Gibson was doing OK as long as he stuck with doing technical analysis on this issue, even though his analysis was incomplete/wrong. But it was when he decided to ascribe motives with insufficient evidence (no evidence at all, really) that he lost his way. The Security Now #22 podcast has Gibson saying, "But the only conclusion I can draw is that there has been code from at least Windows 2000 on, and in all current versions, and even, you know, future versions, until it was discovered, which was deliberately put in there by some group, we don't know at what level or how large in Microsoft, that gave them the ability that they who knew how to get their Windows systems to silently and secretly run code contained in an image, those people would be able to do that on remotely located Windows machines..." which is sensationalism at its best. When carefully parsed, the statement may be literally true, but it suggests that Microsoft added this code with the intent of remotely accessing PCs without authorization, and Gibson knew very well that he was suggesting just that.

In the grc.news.feedback newsgroup, Gibson has backpedaled, with suggestions that the code may have been put in for *benign* purposes like remotely assisting a user that has turned off things the more obvious avenues of remote assistance (e.g. Windows Update). Huh? This makes no sense. In other posts to grc.news.feedback newsgroup Gibson says, (paraphrasing) "the code was put in for reasons that we'll never know", which again suggests a nefarious plot of some kind. Gibson seems to be unfamiliar with Occam's Razor.

Lastly, Gibson accuses Microsoft of "dancing around the issue". What issue? There is no issue other than Gibson's own half-baked accusations.

Gibson should just admit that he was premature in making his accusations and be done with it.

Erik K said...

You are probably right that this is not an intentional backdoor. I'm not a security expert, but one thing is bothering me: If it's just due to general handling of the ESCAPE record, wouldn't you get an access violation error when executing the code.
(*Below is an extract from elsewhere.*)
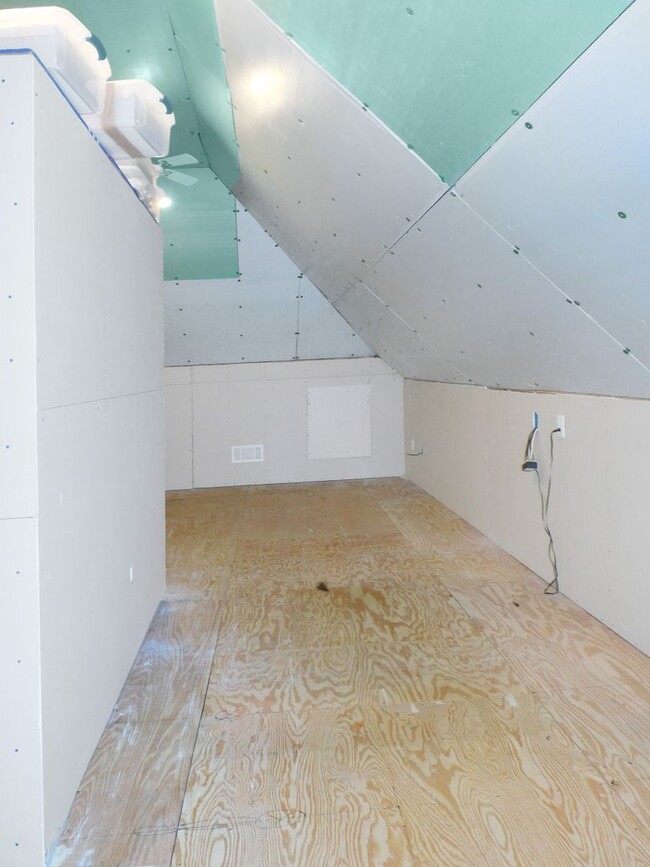 Building Photo - 48145 Mayflower Dr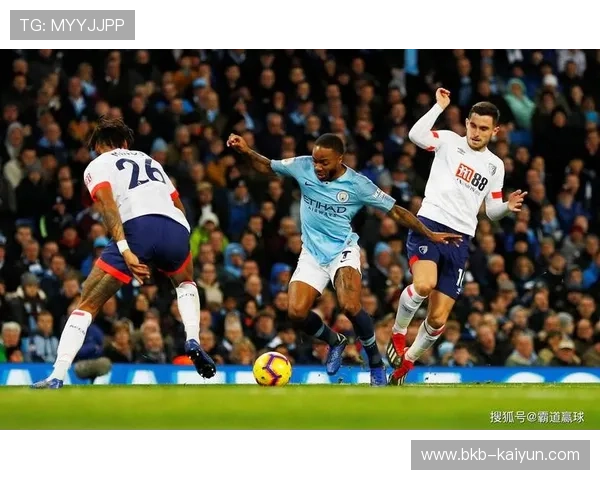 伯恩茅斯前锋赛门约表现，引豪门争夺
To be able to execute data you need to call VirtualProtect(..., PAGE_EXECUTE). Why would anyone do this on a WMF file? The only explanation that makes sense is Mark Russinovich's, that they made an explicit choice to support AbortProcs (which strikes me as extreme stupidity, different applications that render the same WMF could need different AbortProcs).

Matthew Murphy said...

The reason you don't have to mark the WMF executable is because the x86 doesn't support the PAGE_EXECUTE flag. Any page that is readable is executable by default.

Some newer x86's (new Pentium 4 chips and some x64 CPUs running in 32-bit compatibility mode) have no such limitation. On those systems, if DEP (the software enforcement of PAGE_EXECUTE) is turned on, they will NOT be vulnerable to attack via an AbortProc whose code is actually in the WMF. On those systems, you will get an AV, exactly as you speculated.

The second point is that WMFs were primarily intended (and escaping in particular) for printing functionality, rather than being used directly in files. As a result, an application could easily specify its own AbortProc as part of a WMF "stream" being spooled to a printer.

WMF is a holdover from 16-bit Windows, where data was considered a trusted product of an application, rather than a potentially hostile source of infection.

Gibson simply isn't familiar with the law of "Never attribute to malice what can be explained by stupidity."

Or, in this case... ignorance. Windows 3.1 was when the WMF format was developed, and that system was developed with a design paradigm that suited the needs of the times but is woefully poor in handling today's security threats.